*** Begin section ***
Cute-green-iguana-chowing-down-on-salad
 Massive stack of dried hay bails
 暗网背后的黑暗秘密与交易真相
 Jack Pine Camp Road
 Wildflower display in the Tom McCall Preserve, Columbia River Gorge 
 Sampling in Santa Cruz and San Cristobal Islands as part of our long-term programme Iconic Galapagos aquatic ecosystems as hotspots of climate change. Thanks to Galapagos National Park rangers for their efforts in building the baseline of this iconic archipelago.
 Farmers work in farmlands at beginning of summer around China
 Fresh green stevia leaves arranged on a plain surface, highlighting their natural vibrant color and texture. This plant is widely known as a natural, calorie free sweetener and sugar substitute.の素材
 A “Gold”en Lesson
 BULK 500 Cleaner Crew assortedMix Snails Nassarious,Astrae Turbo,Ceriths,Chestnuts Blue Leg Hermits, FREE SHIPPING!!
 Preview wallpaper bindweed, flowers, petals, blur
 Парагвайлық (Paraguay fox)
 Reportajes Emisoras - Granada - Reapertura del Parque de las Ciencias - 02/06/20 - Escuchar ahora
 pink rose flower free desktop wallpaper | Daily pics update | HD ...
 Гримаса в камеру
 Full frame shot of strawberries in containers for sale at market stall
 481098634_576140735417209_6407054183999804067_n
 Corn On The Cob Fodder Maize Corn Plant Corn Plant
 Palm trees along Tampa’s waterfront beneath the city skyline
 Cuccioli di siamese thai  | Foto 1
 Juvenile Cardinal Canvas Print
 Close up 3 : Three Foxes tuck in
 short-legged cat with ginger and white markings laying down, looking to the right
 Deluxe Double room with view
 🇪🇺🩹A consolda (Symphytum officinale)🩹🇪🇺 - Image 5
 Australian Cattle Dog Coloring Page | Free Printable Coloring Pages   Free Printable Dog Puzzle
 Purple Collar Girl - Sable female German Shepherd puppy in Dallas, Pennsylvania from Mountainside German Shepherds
*** End section ***
● TASK: Verbatim output is expected for the lines from the start of the data to the line in which "Juvenile Cardinal Canvas Print" appears, both included.

● YOUR RESPONSE:
Cute-green-iguana-chowing-down-on-salad
 Massive stack of dried hay bails
 暗网背后的黑暗秘密与交易真相
 Jack Pine Camp Road
 Wildflower display in the Tom McCall Preserve, Columbia River Gorge 
 Sampling in Santa Cruz and San Cristobal Islands as part of our long-term programme Iconic Galapagos aquatic ecosystems as hotspots of climate change. Thanks to Galapagos National Park rangers for their efforts in building the baseline of this iconic archipelago.
 Farmers work in farmlands at beginning of summer around China
 Fresh green stevia leaves arranged on a plain surface, highlighting their natural vibrant color and texture. This plant is widely known as a natural, calorie free sweetener and sugar substitute.の素材
 A “Gold”en Lesson
 BULK 500 Cleaner Crew assortedMix Snails Nassarious,Astrae Turbo,Ceriths,Chestnuts Blue Leg Hermits, FREE SHIPPING!!
 Preview wallpaper bindweed, flowers, petals, blur
 Парагвайлық (Paraguay fox)
 Reportajes Emisoras - Granada - Reapertura del Parque de las Ciencias - 02/06/20 - Escuchar ahora
 pink rose flower free desktop wallpaper | Daily pics update | HD ...
 Гримаса в камеру
 Full frame shot of strawberries in containers for sale at market stall
 481098634_576140735417209_6407054183999804067_n
 Corn On The Cob Fodder Maize Corn Plant Corn Plant
 Palm trees along Tampa’s waterfront beneath the city skyline
 Cuccioli di siamese thai  | Foto 1
 Juvenile Cardinal Canvas Print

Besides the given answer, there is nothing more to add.